**Supplied records**
..........

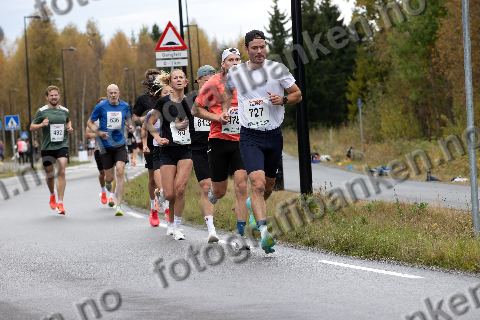 bl.a. Martin Kvam (492) · Jan Kjørstad (636) · Karoline Nikolaisen (40) · Eyvind Borgaard (478)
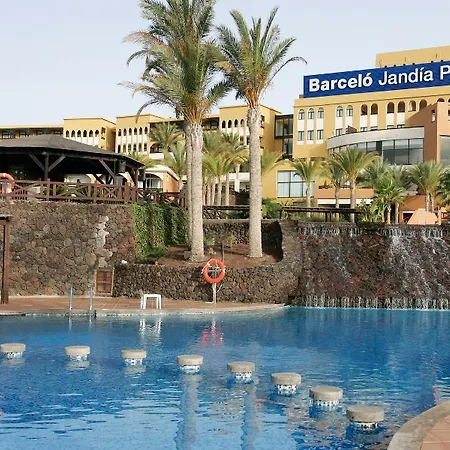 מלון Occidental Jandia Playa Playa Jandia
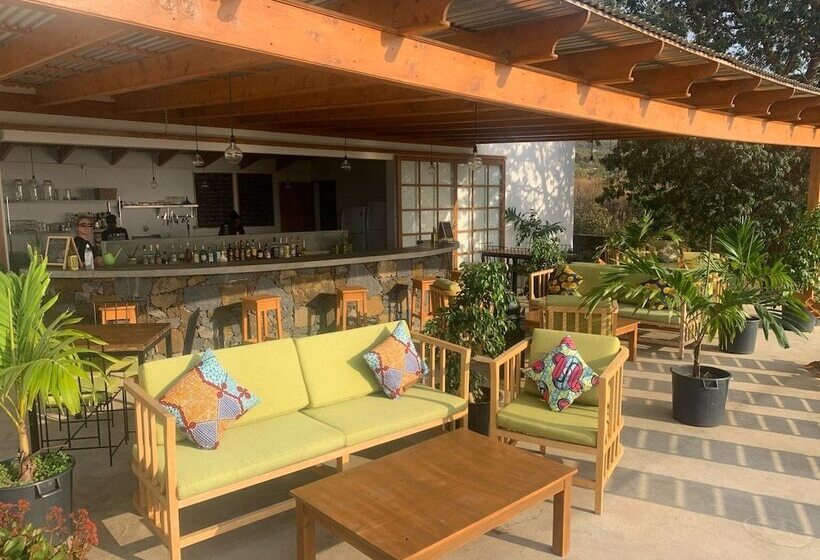 هتل La Fora Ecolodge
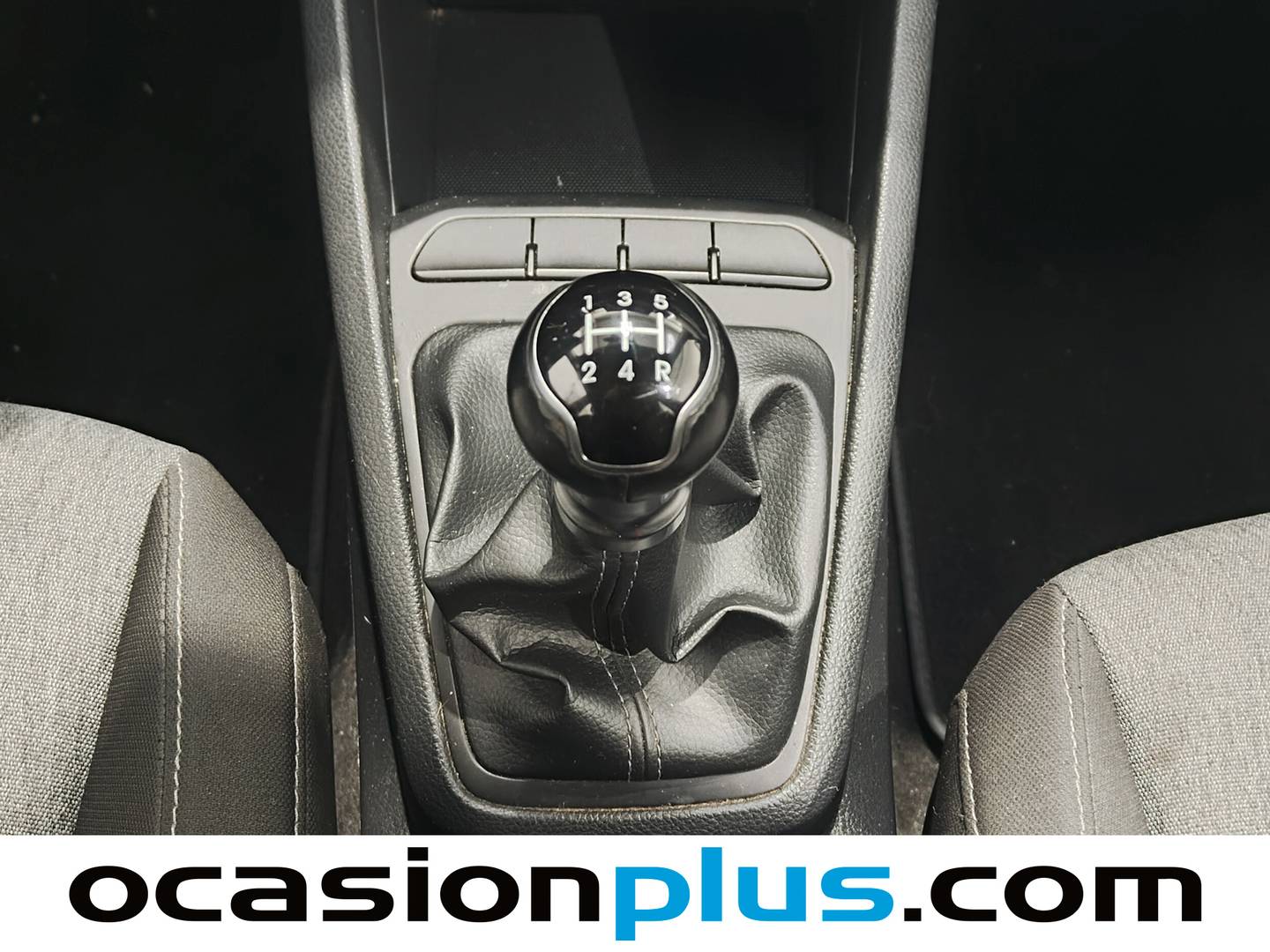 Foto KIA Stonic Kia Stonic 1.2 DPi Concept (84 CV)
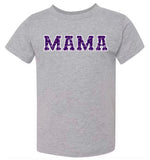 PNG Bamboo Jogger Matching Tshirt - Preorder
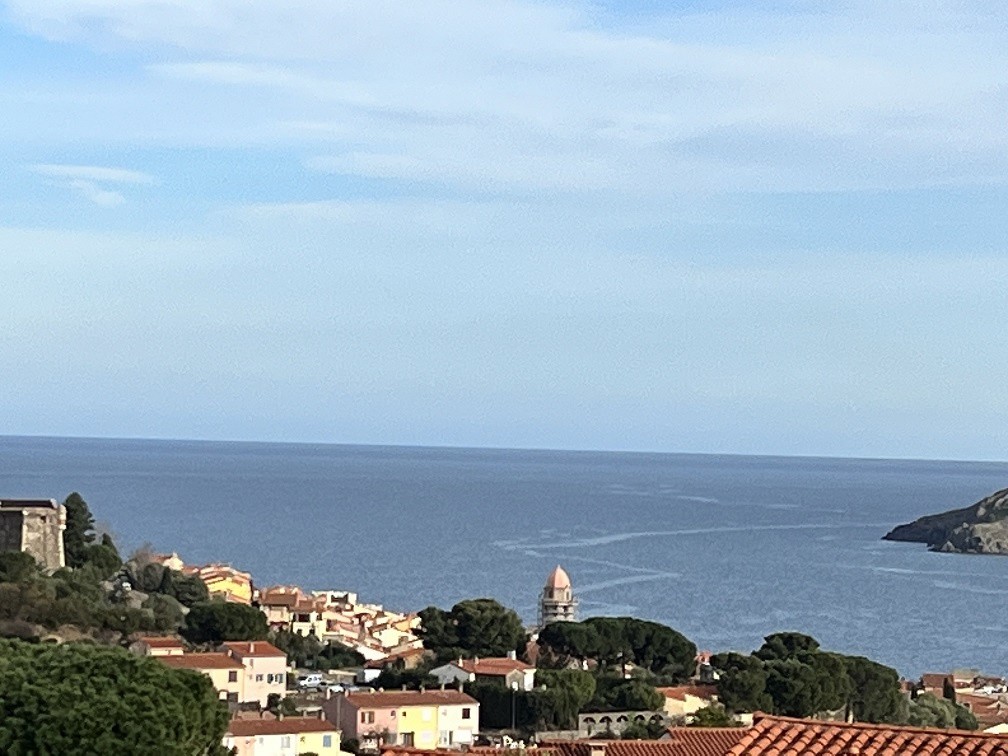 Vente Maison à Collioure 50 pièces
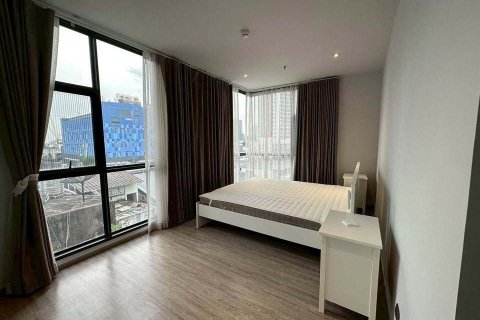 Condo in Watthana, Bangkok, Thailand, 2 bedrooms  № 164492 - photo 3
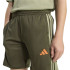 Pantalón de Fútbol adidas Tiro Es Sho Infantil Carnoc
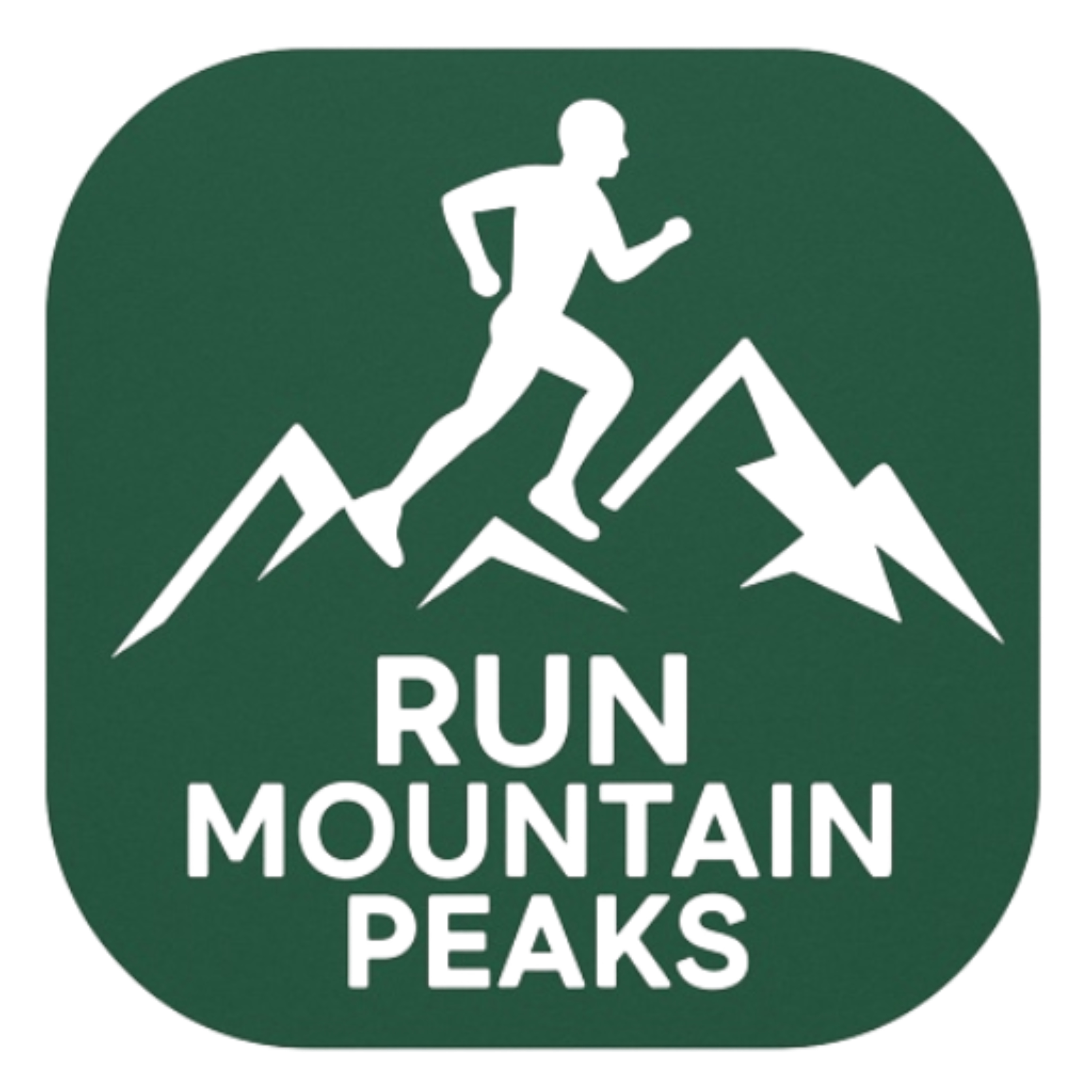 Run Mountain Peaks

..........

Retype the records above exactly, starting at the line that contains "Condo in Watthana, Bangkok, Thailand, 2" and going through the last line, and leave out any pictures.

 Condo in Watthana, Bangkok, Thailand, 2 bedrooms  № 164492 - photo 3
 Pantalón de Fútbol adidas Tiro Es Sho Infantil Carnoc
 Run Mountain Peaks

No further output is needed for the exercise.